Stable Score Distillation
This addresses stability and precision problems in text-guided editing for image and 3D generation applications, representing a strong incremental improvement over existing methods.
The paper tackles stability, spatial control, and editing strength issues in text-guided image and 3D editing by introducing Stable Score Distillation (SSD), which anchors a classifier to the source prompt and uses a null-text branch for stabilization. It achieves state-of-the-art results in 2D and 3D editing tasks with faster convergence and reduced complexity.

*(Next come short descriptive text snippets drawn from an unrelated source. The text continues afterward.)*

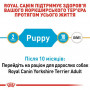 Сухий корм для собак Royal Canin Yorkshire Terrier Puppy 500 г (39720051) Сухий корм для собак Royal Canin Yorkshire Terrier Puppy 500 г (39720051)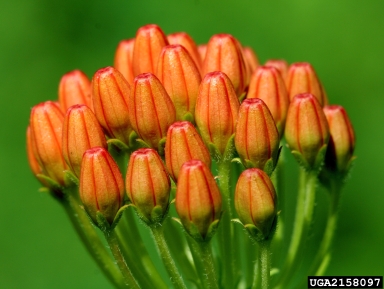 butterfly milkweed, Asclepias tuberosa  (Gentianales: Asclepiadaceae) - 2158097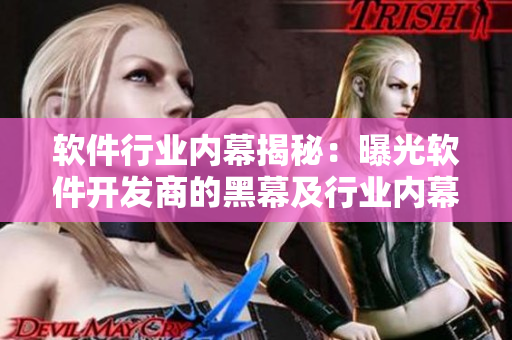 软件行业内幕揭秘：曝光软件开发商的黑幕及行业内幕揭露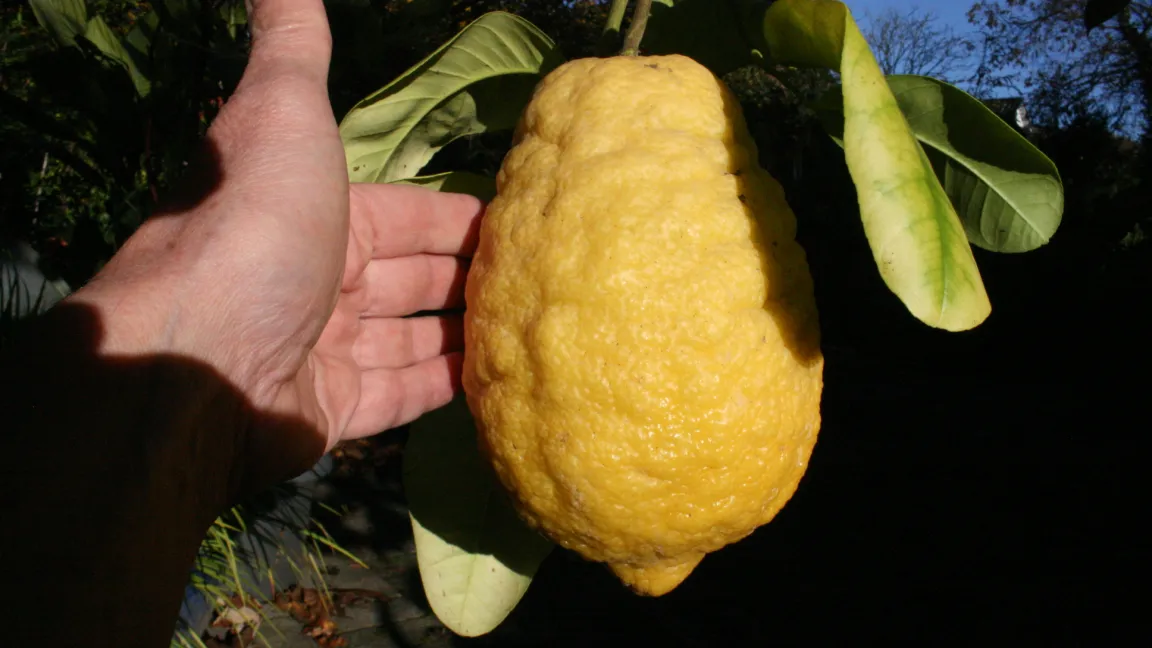 Zitronatzitronen können eine beachtliche Größe erreichen. Foto: Heinrich Beltz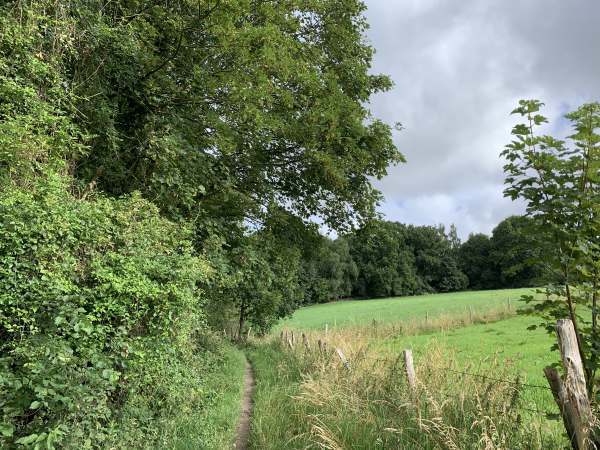 Après avoir traversé le lieu-dit Beauregard (Le nom est prometteur, et un belvédère a été construit à quelques dizaines de mètres de notre itinéraire), nous descendons dans la vallée du Théluet.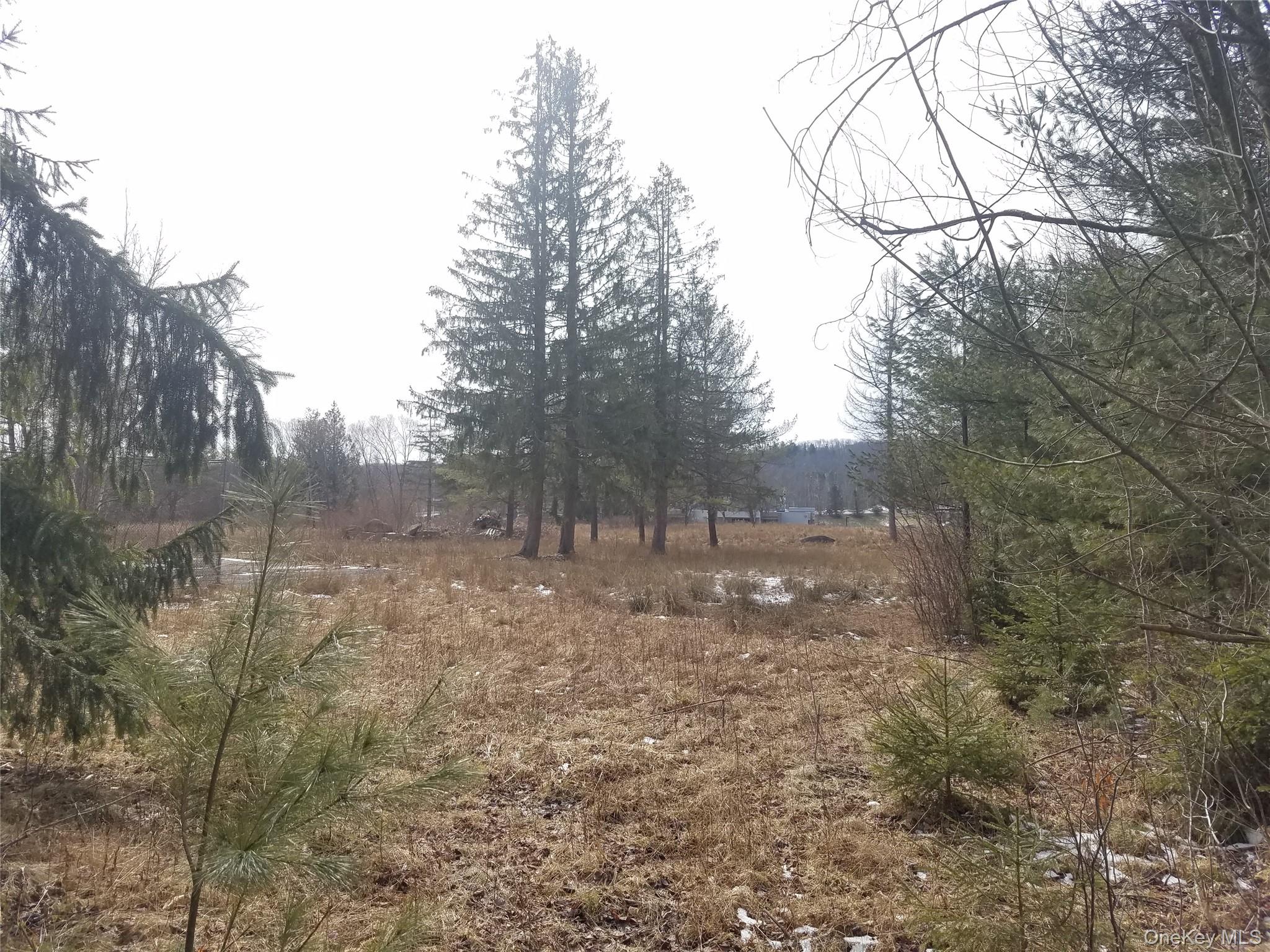 59 Lanahan Road Monticello, NY 12701 - Photo 7 of 12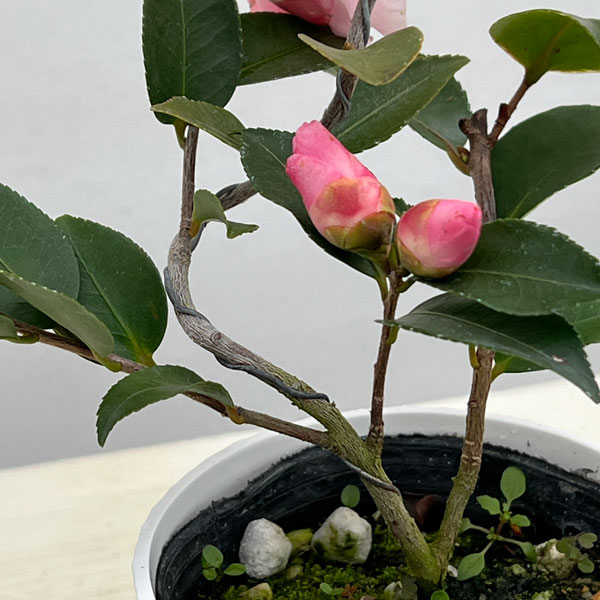 ツバキ（椿）：香妃　曲がり 3.5号匠鉢入り
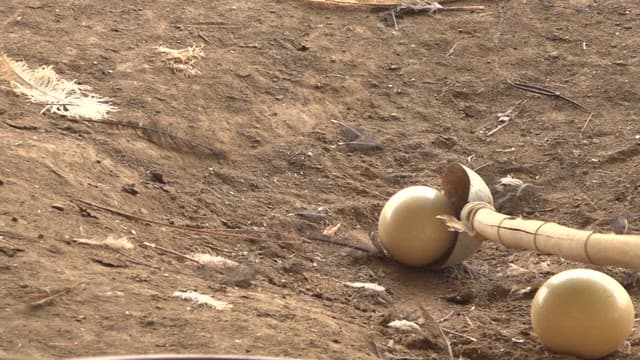 Handling ostrich eggs on a farm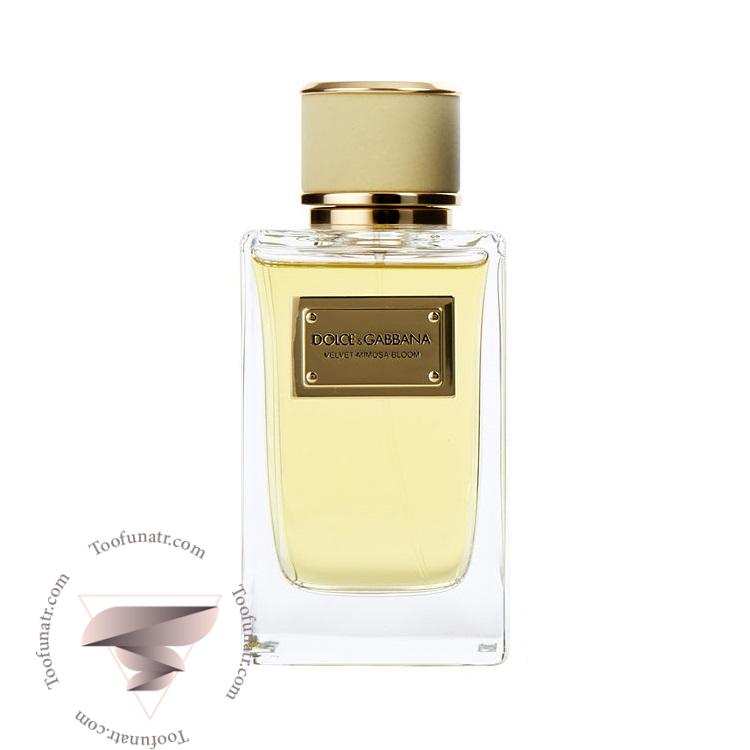 دی اند جی دولچه گابانا ولوت میموسا بلوم - Dolce & Gabbana Velvet Mimosa Bloom دی اند جی دولچه گابانا ولوت میموسا بلوم - Dolce & Gabbana Velvet Mimosa Bloom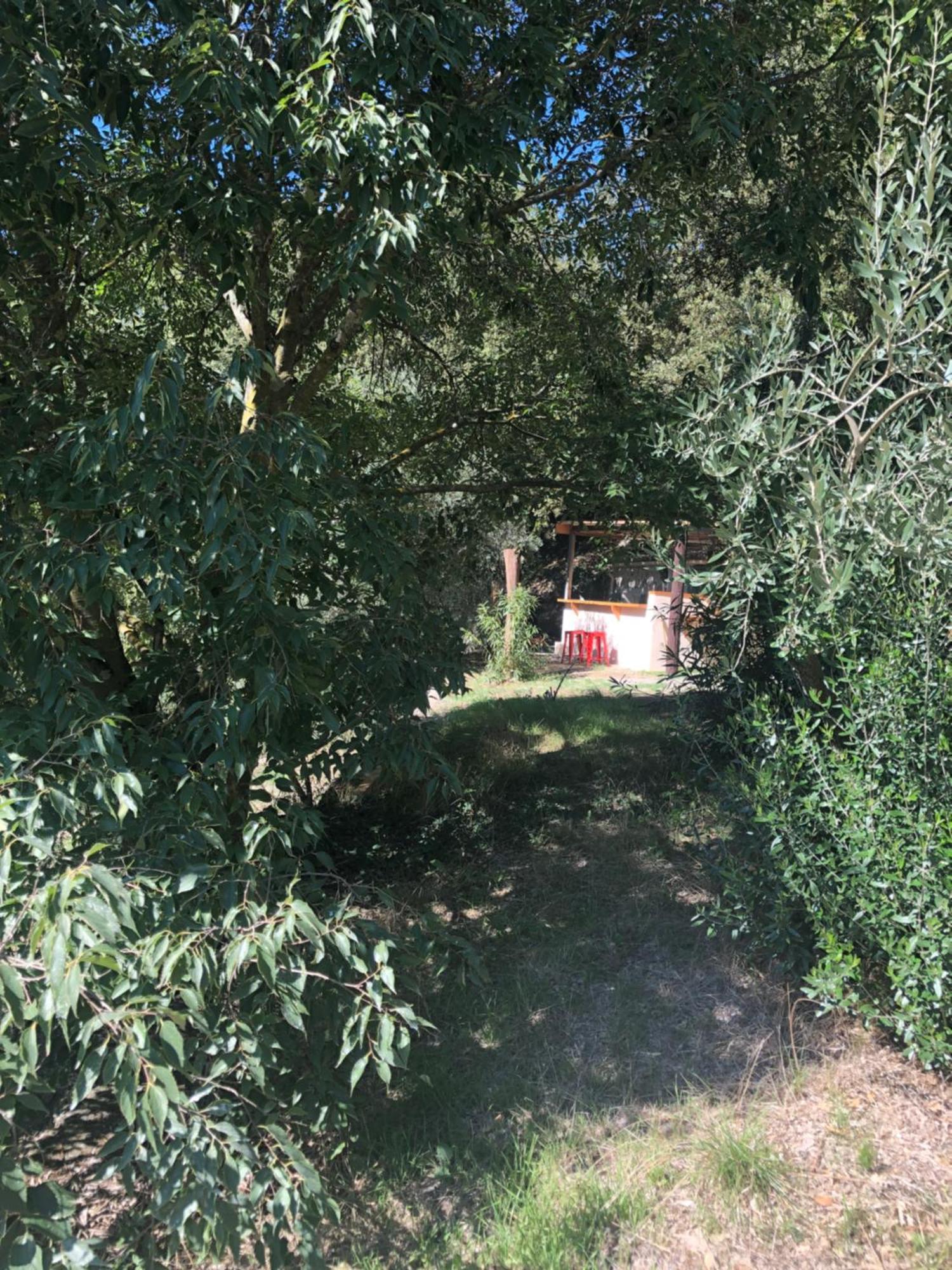 L'Olivier Fleurie Barjols Villa Eksteriør bilde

Text-guided image and 3D editing have advanced with diffusion-based models, yet methods like Delta Denoising Score often struggle with stability, spatial control, and editing strength. These limitations stem from reliance on complex auxiliary structures, which introduce conflicting optimization signals and restrict precise, localized edits. We introduce Stable Score Distillation (SSD), a streamlined framework that enhances stability and alignment in the editing process by anchoring a single classifier to the source prompt. Specifically, SSD utilizes Classifier-Free Guidance (CFG) equation to achieves cross-prompt alignment, and introduces a constant term null-text branch to stabilize the optimization process. This approach preserves the original content's structure and ensures that editing trajectories are closely aligned with the source prompt, enabling smooth, prompt-specific modifications while maintaining coherence in surrounding regions. Additionally, SSD incorporates a prompt enhancement branch to boost editing strength, particularly for style transformations. Our method achieves state-of-the-art results in 2D and 3D editing tasks, including NeRF and text-driven style edits, with faster convergence and reduced complexity, providing a robust and efficient solution for text-guided editing.